### Exercise instructions
Give the entries below again, word for word, and leave out the images.
=== Begin Enclosure ===
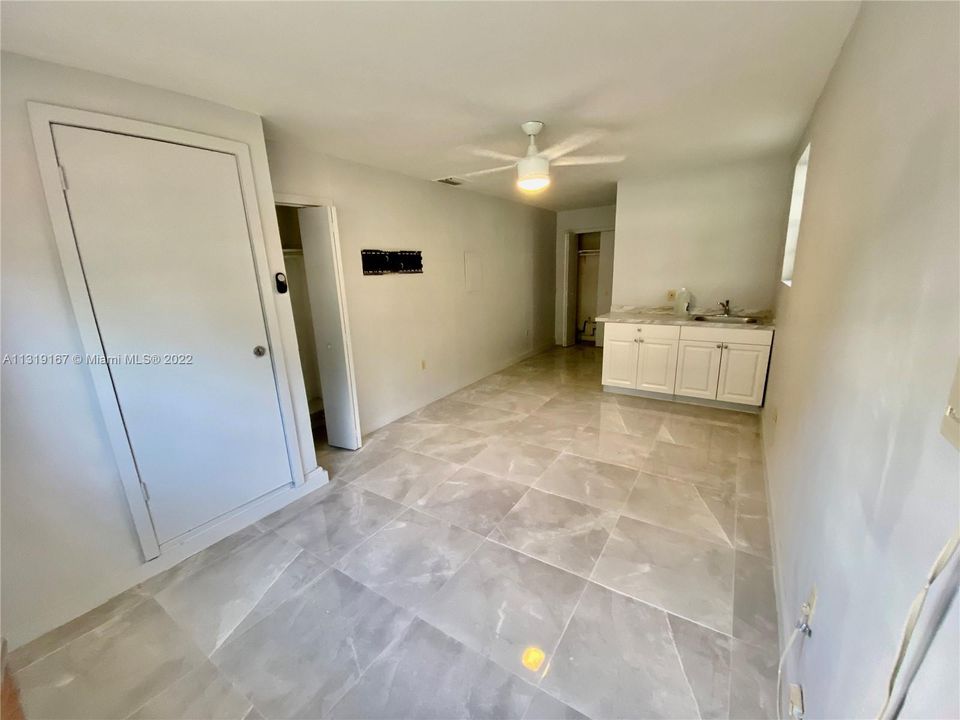 Recently Rented: $1,300 (1 beds, 1 baths, 400 Square Feet)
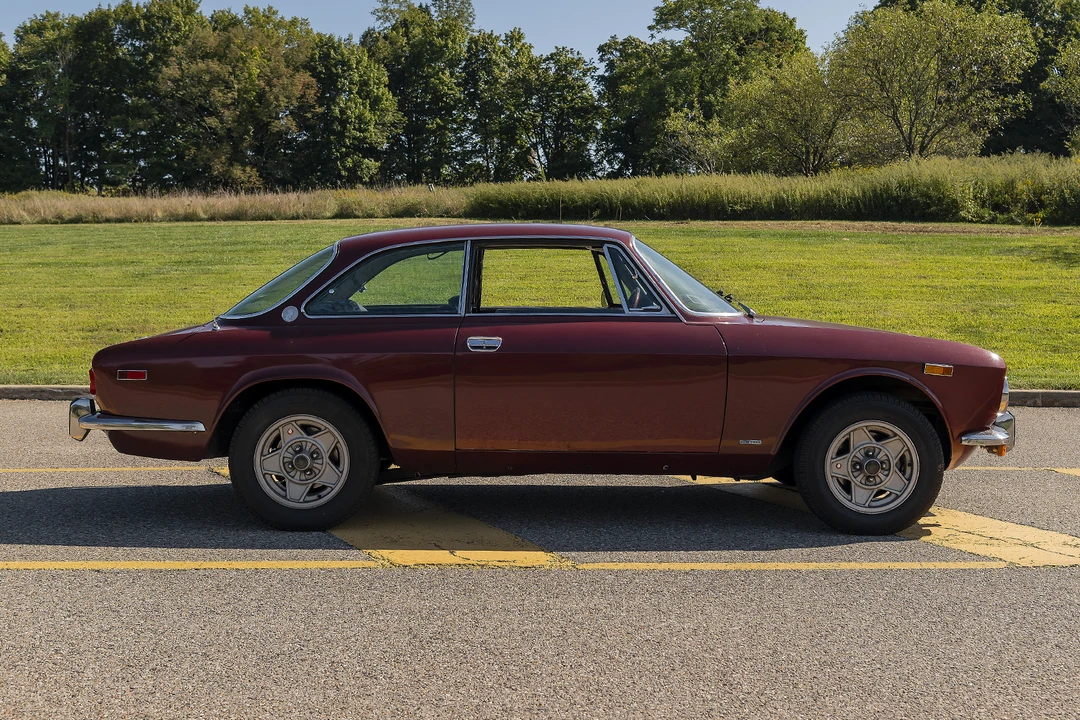 1974 Alfa Romeo 2000 GT Veloce - Image 15 of 31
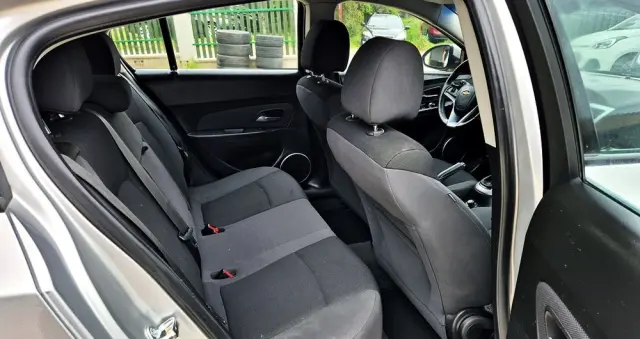 CHEVROLET Cruze 1.6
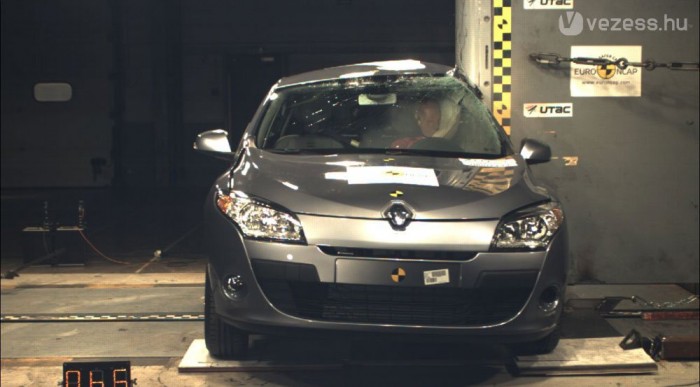 Az egyik legjobb eredményt érte el a törésteszten a Megane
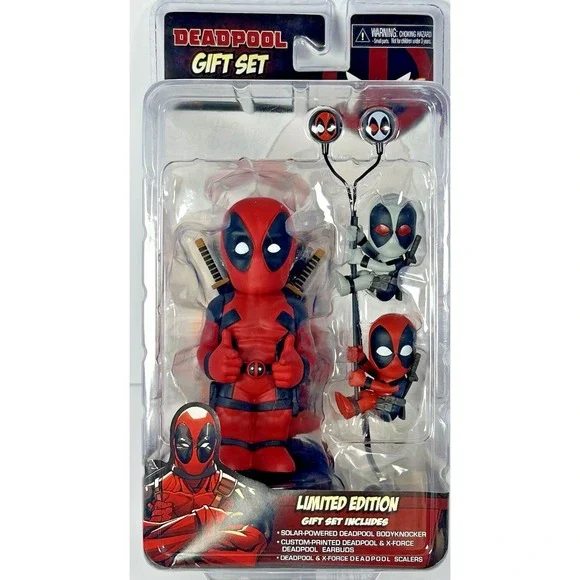 NECA Marvel Deadpool Limited Edition Gift Set Body Knockers Scalers Earbuds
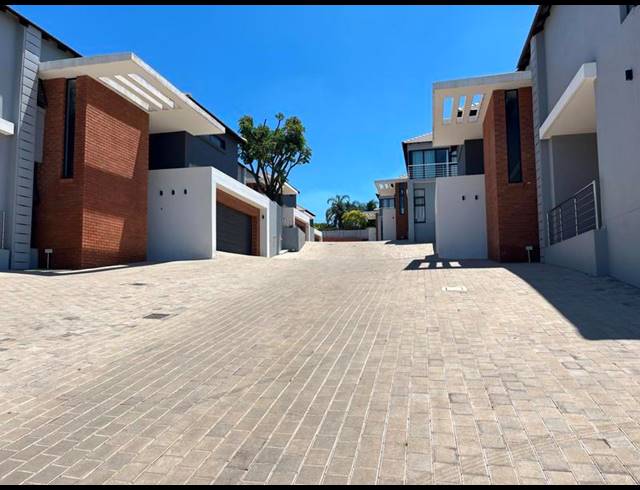 5 BEDROOM PROPERTY TO RENT IN WATERKLOOF RIDGE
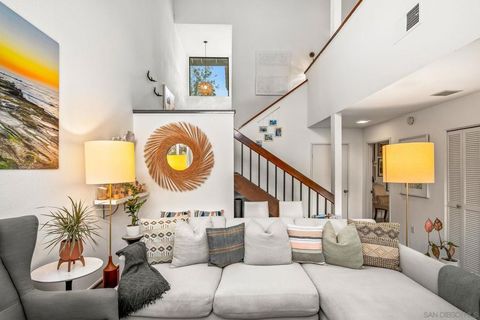 Photo of 2538 Caminito Muirfield, La Jolla, CA 92037 (MLS # 260013046SD)
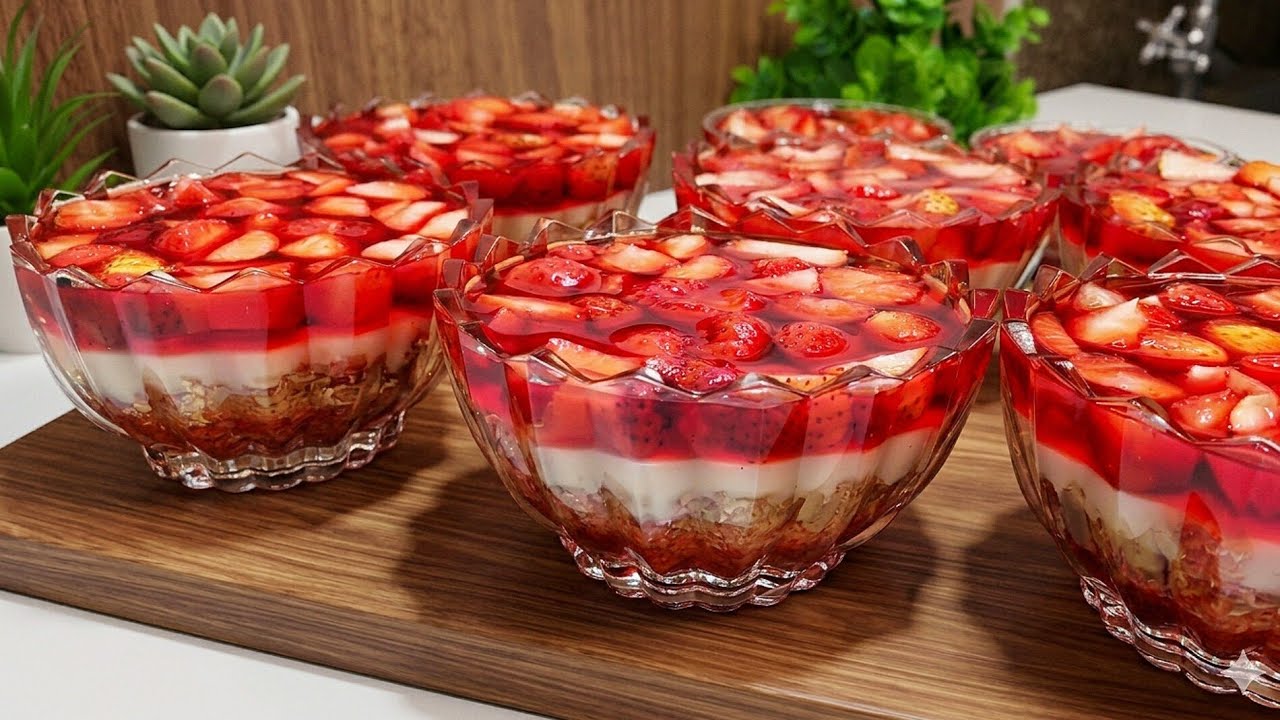 كنافة بالفراولة بطعم خطير يحير الكل❗من غير كريمة هيطلبوها منك كل يوم! 🍓✨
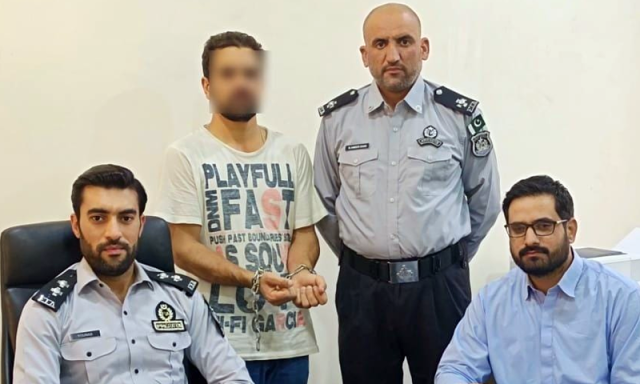 تفتان: انسانی اسمگلنگ اور سرحد پار کرنے کی کوششوں کے خلاف کارروائی، 4 ملزمان گرفتار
=== End Enclosure ===
### Result for this task
 Recently Rented: $1,300 (1 beds, 1 baths, 400 Square Feet)
 1974 Alfa Romeo 2000 GT Veloce - Image 15 of 31
 CHEVROLET Cruze 1.6
 Az egyik legjobb eredményt érte el a törésteszten a Megane
 NECA Marvel Deadpool Limited Edition Gift Set Body Knockers Scalers Earbuds
 5 BEDROOM PROPERTY TO RENT IN WATERKLOOF RIDGE
 Photo of 2538 Caminito Muirfield, La Jolla, CA 92037 (MLS # 260013046SD)
 كنافة بالفراولة بطعم خطير يحير الكل❗من غير كريمة هيطلبوها منك كل يوم! 🍓✨
 تفتان: انسانی اسمگلنگ اور سرحد پار کرنے کی کوششوں کے خلاف کارروائی، 4 ملزمان گرفتار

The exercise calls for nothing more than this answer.